In its ruling, the high court refused to read any such additional requirement into 15 U.S.C § 1125(a). Its reasoning largely being that the language at issue exists elsewhere in the statutes and if Congress intended for it to be applicable to 15 U.S.C § 1125(a) it would have expressly made it applicable.
We should all take this decision seriously. For those operating in interstate commerce, it is important to note that liability for the profits of a defendant neither requires a federal trademark registration nor a finding of willfulness.

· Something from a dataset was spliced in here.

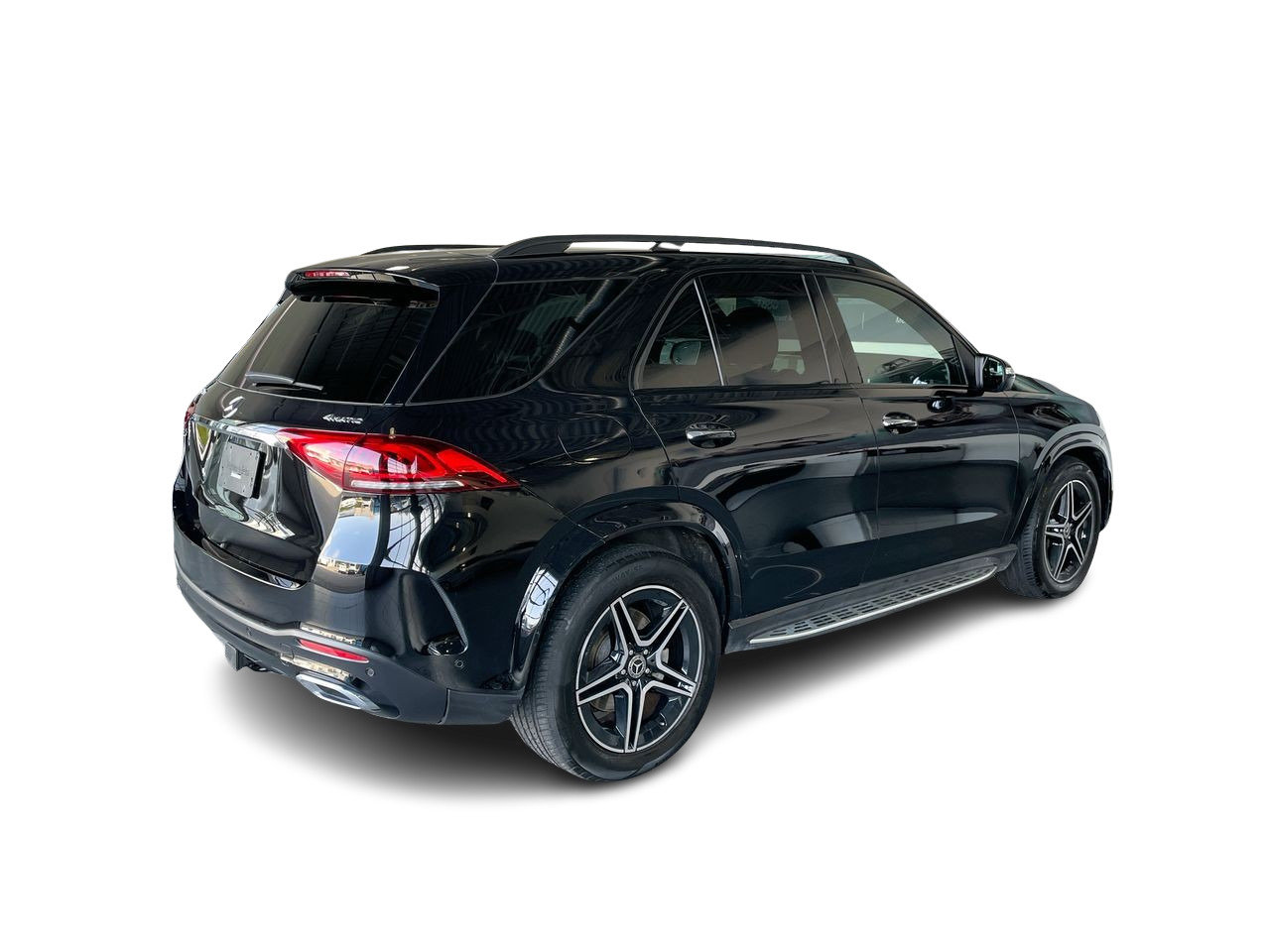 Certified Used 2021 Obsidian Black Met Mercedes-Benz 4MATIC SUV image 13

This means that the senior user of an unregistered or common law trademark can bring an action under 15 U.S.C § 1125(a) seeking an award of the defendant’s profits.
Accordingly, careful consideration must be given to the adoption and use of trademarks, especially when businesses begin expansion and interstate commerce is affected. It is important to consult an experienced trademark practitioner to evaluate current or proposed trademarks prior to their adoption and use in the marketplace.

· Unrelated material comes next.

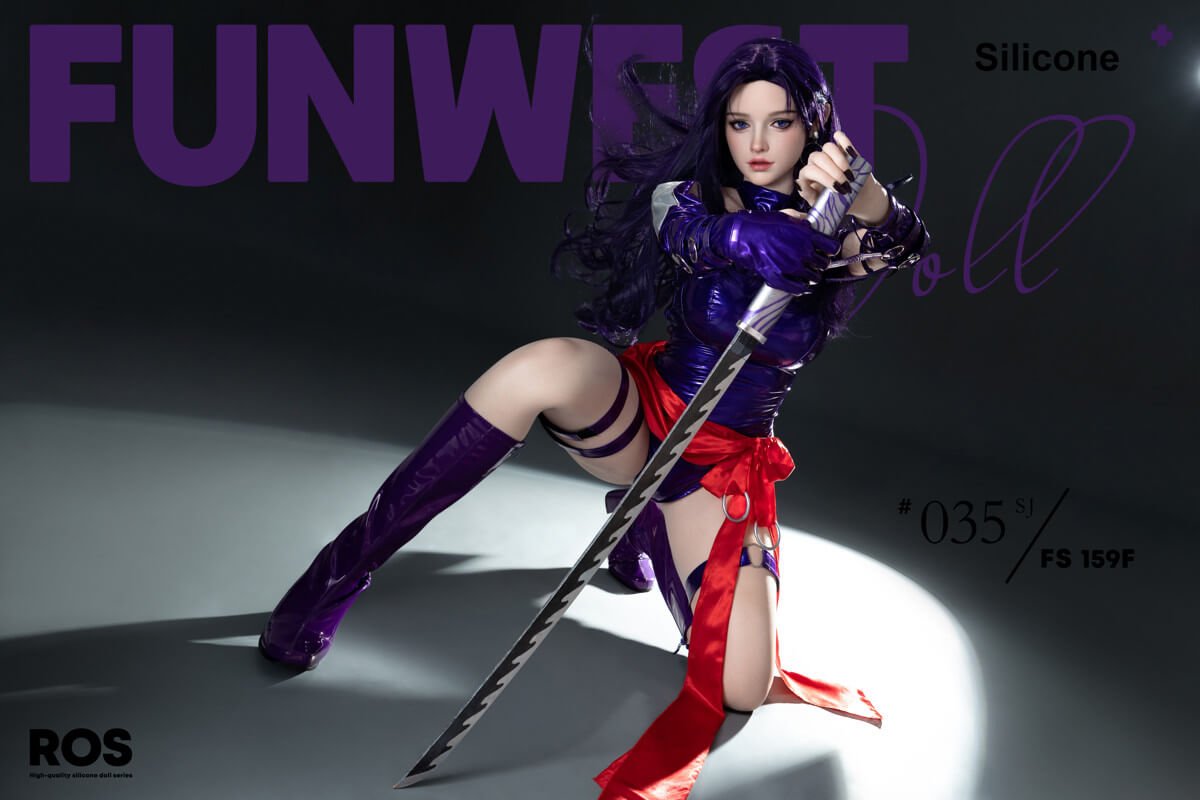 159cm F-Cup, Chloe #035SJ, Silicona - Imagen 7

For trademark litigators, where a registered mark is infringed, it is all too common to favor 15 U.S.C § 1114 over 15 U.S.C § 1125(a), given the additional remedies available. Again, these sections of the act are not mutually exclusive, nor are they entirely redundant. Avoid the temptation to rely on a single federal statute for relief and include the cause of action under 15 U.S.C § 1125(a) as it may yield additional benefits beyond the limits of 15 U.S.C § 1117(a) and the sections incorporated therein.